Re: Synchronous option for chccwdev -- was there a resolution?

2012-07-27 Thread Alan Altmark
On Friday, 07/27/2012 at 11:33 EDT, Sebastian Ott
 wrote:
> The process of setting the device online involves generic path
> verification work done by the Common IO Layer and device specific
> online processing done by the device driver (DASD in this case). Once
> the DASD driver finished its work and created a block device, userspace
> is informed about this via uevents. After that chccwdev returns. The
> only thing that's missing now is udev creating a device node and that's
> covered via udev settle.

Is it possible that the udev settle timeout is set to zero, preventing it
from waiting?  (I see that you can set up a udev debug log to see what
udev is doing.)

Alan Altmark

Senior Managing z/VM and Linux Consultant
IBM System Lab Services and Training
ibm.com/systems/services/labservices
office: 607.429.3323
mobile; 607.321.7556
alan_altm...@us.ibm.com
IBM Endicott

--
For LINUX-390 subscribe / signoff / archive access instructions,
send email to lists...@vm.marist.edu with the message: INFO LINUX-390 or visit
http://www.marist.edu/htbin/wlvindex?LINUX-390
--
For more information on Linux on System z, visit
http://wiki.linuxvm.org/


Re: Synchronous option for chccwdev -- was there a resolution ?
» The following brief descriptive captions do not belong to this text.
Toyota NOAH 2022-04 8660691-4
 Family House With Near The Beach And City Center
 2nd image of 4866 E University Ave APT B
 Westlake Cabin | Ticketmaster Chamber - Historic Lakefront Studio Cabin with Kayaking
2012-07-27 Thread David Boyes
> We have a set of scripts that Setup the WHOLE multipath SAN disk for us.
> From the chccwdev, zfcp_*, to fdisk
> and format and multipath setup and mount (Yes the WHOLE thing).  We
> have found by placing sleep for 15 seconds between commands , especially
> the hardware level ones, increased our reliability for success.

Yeah, but the timing for "reliably" doing that appears to depend a lot on what 
else is going on -- could be 1 second or 5 or 15 -- and it's inefficient to sit 
there and wait or poll if you don't have to. That's why I'm looking for a 
reliable "yes, you can proceed, it's ready to go" indicator. 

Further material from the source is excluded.